UNITED STATES

SECURITIES AND EXCHANGE COMMISSION

Washington, D.C. 20549

 

FORM 8-K

 

CURRENT REPORT

 Pursuant to Section 13 or 15 (d) of the Securities Exchange Act of 1934

 

Date of Report (Date of earliest event reported) May 21, 2008 (May 15, 2008)

 

HERTZ GLOBAL HOLDINGS, INC.

(Exact name of registrant as specified in its charter)

 

DELAWARE

 

001-33139

 

20-3530539

(State of incorporation)

 

(Commission File Number)

 

(I.R.S Employer Identification No.)

 

225 Brae Boulevard

Park Ridge, New Jersey 07656-0713

(Address of principal executive offices, including zip code)

 

(201) 307-2000

(Registrant’s telephone number, including area code)

 

Check the appropriate box below if the Form 8-K filing is intended to simultaneously satisfy the filing obligation of the registrant under any of the following provisions:

 

o

 

Written communications pursuant to Rule 425 under the Securities Act (17 CFR 230.425)

 

 

 

o

 

Soliciting material pursuant to Rule 14a-12 under the Exchange Act (17 CFR 240.14a-12)

 

 

 

o

 

Pre-commencement communications pursuant to Rule 14d-2(b) under the Exchange Act (17 CFR 240.14d-2(b))

 

 

 

o

 

Pre-commencement communications pursuant to Rule 13e-4(c) under the Exchange Act (17 CFR 240.13e-4(c))

 

 

 

 

 



 

 

Item 5.02  Departure of Directors or Certain Officers; Election of Directors; Appointment of Certain Officers; Compensatory Arrangements of Certain Officers.

 

(e) Compensatory Arrangements of Certain Officers

 

2008 Omnibus Incentive Plan

 

At the 2008 Annual Meeting of Stockholders of Hertz Global Holdings, Inc. (“Hertz Holdings”) held on May 15, 2008, Hertz Holdings’ stockholders approved the Hertz Global Holdings, Inc. 2008 Omnibus Incentive Plan (the “Incentive Plan”).  Hertz Holdings is the indirect parent company of The Hertz Corporation.  Hertz Holdings’ Board of Directors had previously adopted the Incentive Plan on February 28, 2008, subject to the approval of the stockholders.  17,700,000 shares of common stock are reserved for issuance under the Incentive Plan.

 

A more detailed description of the terms of the Incentive Plan can be found in Hertz Holdings’ definitive Proxy Statement on Schedule 14A, in the section of the Proxy Statement entitled “Proposal 3: Approval of the Hertz Global Holdings, Inc. 2008 Omnibus Incentive Plan,” which was filed with the Securities and Exchange Commission on April 7, 2008, and is incorporated by reference herein.  The foregoing summary and the summary incorporated by reference from the Proxy Statement are qualified in their entirety by the full text of the Incentive Plan, which is filed as Annex A to the Proxy Statement.

 

Employee Stock Purchase Plan

 

At the 2008 Annual Meeting of Stockholders of Hertz Holdings held on May 15, 2008, Hertz Holdings’ stockholders approved the Hertz Global Holdings, Inc.
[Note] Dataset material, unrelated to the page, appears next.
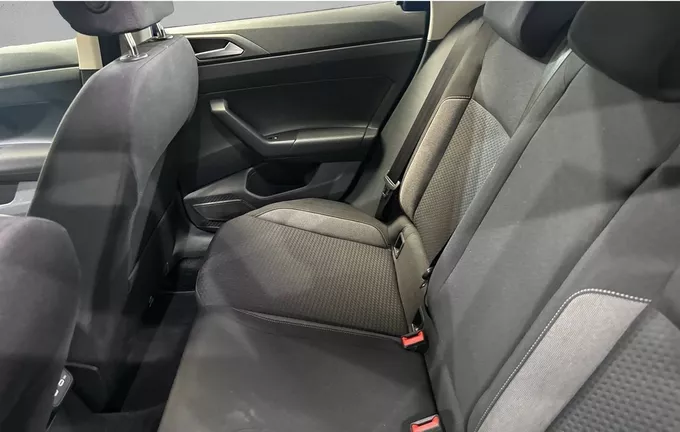 VOLKSWAGEN TAIGO 1.0 TSI 110 DSG7 Life extérieur arrière 2131127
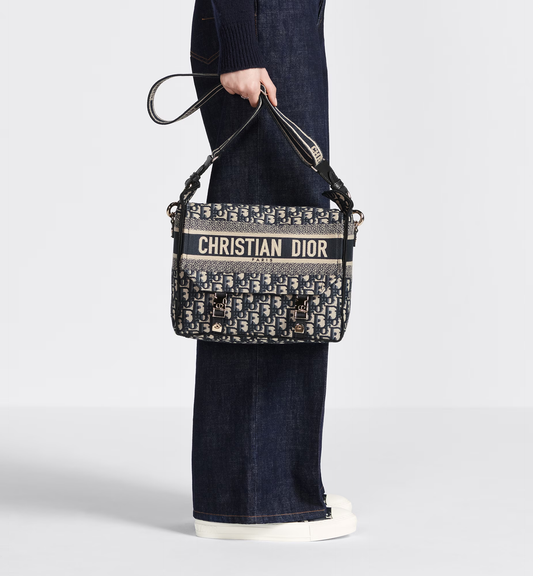 Cuero | Medium Diorcamp Bag Blue Oblique Embroidery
Employee Stock Purchase Plan (the “Stock Purchase Plan”).  Hertz Holdings’ Board of Directors had previously adopted the Stock Purchase Plan on February 28, 2008, subject to the approval of the stockholders.  3,000,000 shares of common stock are reserved for issuance under the Stock Purchase Plan.

 

A more detailed description of the terms of the Stock Purchase Plan can be found in Hertz Holdings’ definitive Proxy Statement on Schedule 14A, in the section of the Proxy Statement entitled “Proposal 4: Approval of the Hertz Global Holdings, Inc. Employee Stock Purchase Plan,” which was filed with the Securities and Exchange Commission on April 7, 2008, and is incorporated by reference herein.  The foregoing summary and the summary incorporated by reference from the Proxy Statement are qualified in their entirety by the full text of the Stock Purchase Plan, which is filed as Annex B to the Proxy Statement.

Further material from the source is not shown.